Mi esposa y yo creemos que viajar es lo mejor que hay en la vida, si a placeres mundanos nos referimos. La buena ropa se luce una vez y hay que comprar más, con las alhajas sucede lo mismo, y el buen sabor de una comida desaparece pronto.

Pero viajar queda para toda la vida, porque lo recordamos cuando vemos una fotografía, una película, cuando es tema de conversación, cuando estamos nostálgicos y echamos la vista atrás.

Viajar nos permite conocer otras ciudades, otra gente, diferentes culturas y costumbres, saborear comidas y licores que nunca soñamos, ver edificios y calles que quizá nunca volveremos a ver, saber que hay otros mundos distintos al que vivimos. Y esas nuevas ciudades, y esa gente que vimos fugazmente, y esas calles que recorrimos siempre estarán con nosotros.

Cuando viajo con mi esposa siempre anticipamos lo que nos gustaría conocer, comer y comprar. Lo hacemos así porque hemos descubierto que se disfruta doblemente un viaje: el de ir anticipadamente viendo folletos, leyendo libros o escuchando a amigos que han estado allí, y luego descubriéndolo por nosotros mismos

Hace algún tiempo, por ejemplo, viajamos a Sarasota, Florida, y vivimos allí tres años. Íbamos a menudo a Miami y en varias ocasiones llegamos hasta Cayo Hueso, en la parte más al sur de la Florida. En Cayo Hueso visitamos la casa del escritor Ernest Hemingway y comimos el típico Key Lime Pie (Pay de Lima), y luego fuimos al Sloopy Joe Bar donde tomamos martinis, recorrimos la ciudad en un simpático tren turístico y comimos langosta y filetes de tortuga en un restaurante del muelle. Tomamos fotografías y compramos tarjetas postales, y jamás podemos olvidar todo aquello.

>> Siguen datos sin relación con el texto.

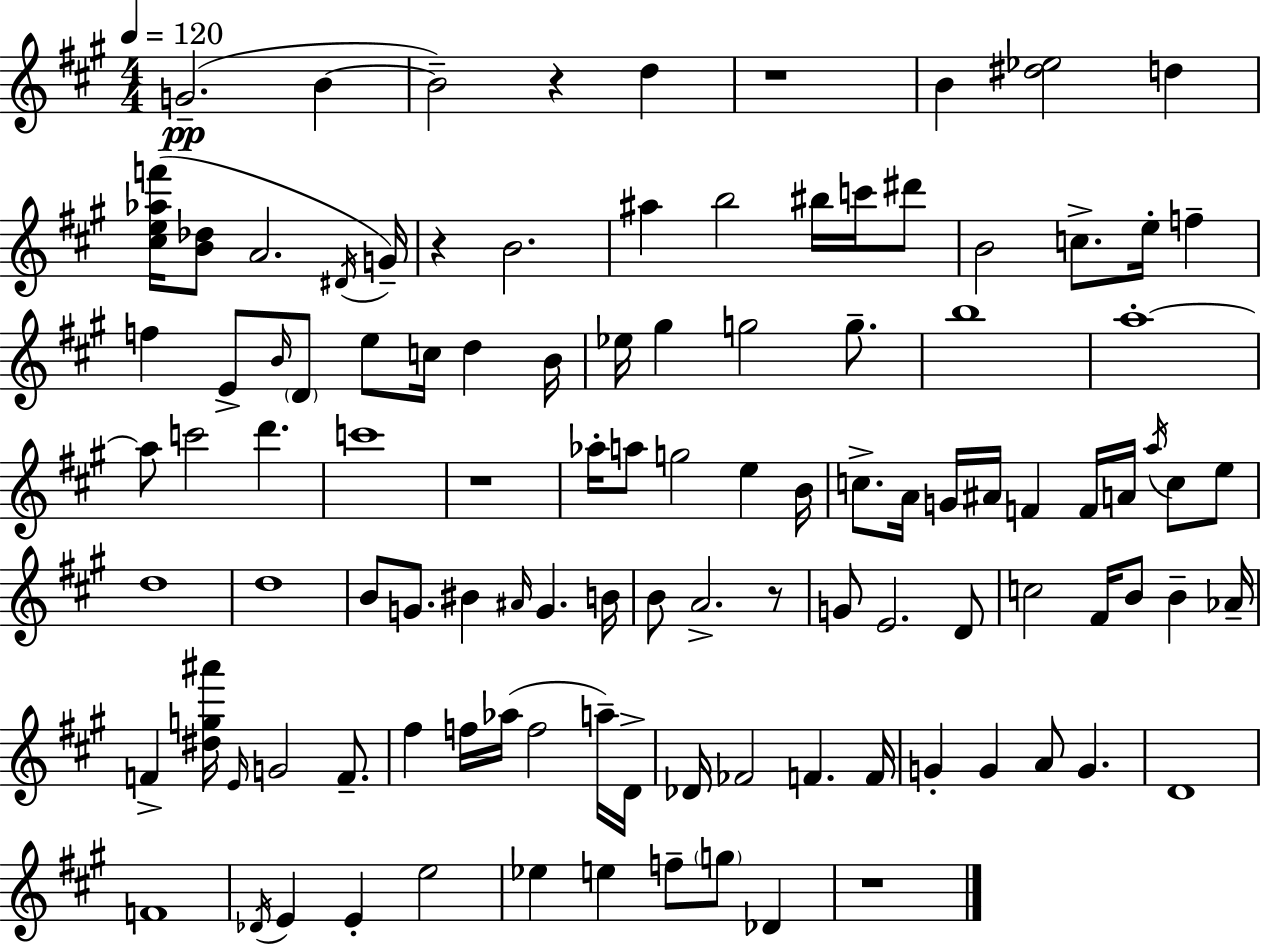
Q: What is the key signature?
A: A major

En Chicago un taxi nos llevó a la parte vieja de la ciudad, donde Al Capone y sus gángsters reinaban en la época de la prohibición, recorrimos sus calles de casas de ladrillos rojos, y después viajamos por la ciudad de los vientos en su tren elevado... En Toronto, Canadá, fuimos a su universidad en un día cálido y luminoso, y nos sentamos en un parque lleno de estudiantes, y recogí del suelo una hoja verde de arce que aún conservo, ya seca pero intacta, en las páginas de un libro.

En París nos perdimos en un laberinto de callejuelas, viajamos en su metro, comimos baguettes con queso brie, bebimos botellas enteras de buen vino blanco y visitamos todo lo que hay que conocer en la Ciudad Lux, sin olvidar sus barrios bohemios, su Follies Bergere y su Lido, sus cafetines con mesas en la banqueta, su única y deliciosa sopa de cebolla en los bistros más típicos.

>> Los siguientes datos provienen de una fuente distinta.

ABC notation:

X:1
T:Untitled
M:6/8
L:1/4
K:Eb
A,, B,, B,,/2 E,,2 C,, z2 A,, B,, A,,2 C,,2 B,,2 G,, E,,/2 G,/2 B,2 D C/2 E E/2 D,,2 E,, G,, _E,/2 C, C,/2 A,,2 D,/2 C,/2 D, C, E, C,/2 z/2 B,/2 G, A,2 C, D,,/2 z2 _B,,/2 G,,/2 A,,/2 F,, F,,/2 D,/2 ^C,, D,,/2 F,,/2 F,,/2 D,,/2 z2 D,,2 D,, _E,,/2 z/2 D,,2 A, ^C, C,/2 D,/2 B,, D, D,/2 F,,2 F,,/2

Londres es una ciudad que siempre me ha cautivado, y hemos estado allí dos veces. La segunda vez en una estancia de un mes, recorriendo la ciudad, su campiña y sus lugares pintorescos en tren y en autobús, visitando el barrio donde vivió Sherlock Holmes, Scotland Yard, viendo en Hyde Park cabalgar en las mañanas neblinosas a altivas amazonas en sus soberbios caballos, y tomando pintas de cerveza negra en sus pubs, mientras grupos de alegres estudiantes cantaban viejas canciones inglesas.

Hemos estado en muchas ciudades de Estados Unidos, Canadá, Europa, el Caribe, pero en todos esos lugares, más que visitar museos, iglesias y monumentos, nos ha interesado su gente, la forma en qué viven, cómo son en la calle, en sus casas, qué comen y beben en sus restaurantes no turísticos, en sus pequeños mercados públicos, en sus barrios.

En Madrid, cuando visitamos a unos amigos en el cercano y pequeño pueblo de Leganés, nos detuvimos en un campamento de gitanos a saborear deliciosas lonjas de los cochinillos que asaban con leña... En el elegante restaurante Río Fríodisfrutamos del mejor gazpacho de España... Frente a la Catedral de Colonia, Alemania, saboreamos grandes conos de nieve y deliciosos pasteles de manzana y crema... En Niza, frente al hotel en que nos hospedamos, compramos a un pintor callejero unos preciosos cuadros con vistas de la Costa Azul.

Viajar tiene un doble placer, dijo un escritor trotamundos: el placer de ir, y el placer de retornar. Nosotros preferimos más el placer de ir y, si pudiéramos, el de quedarnos allá.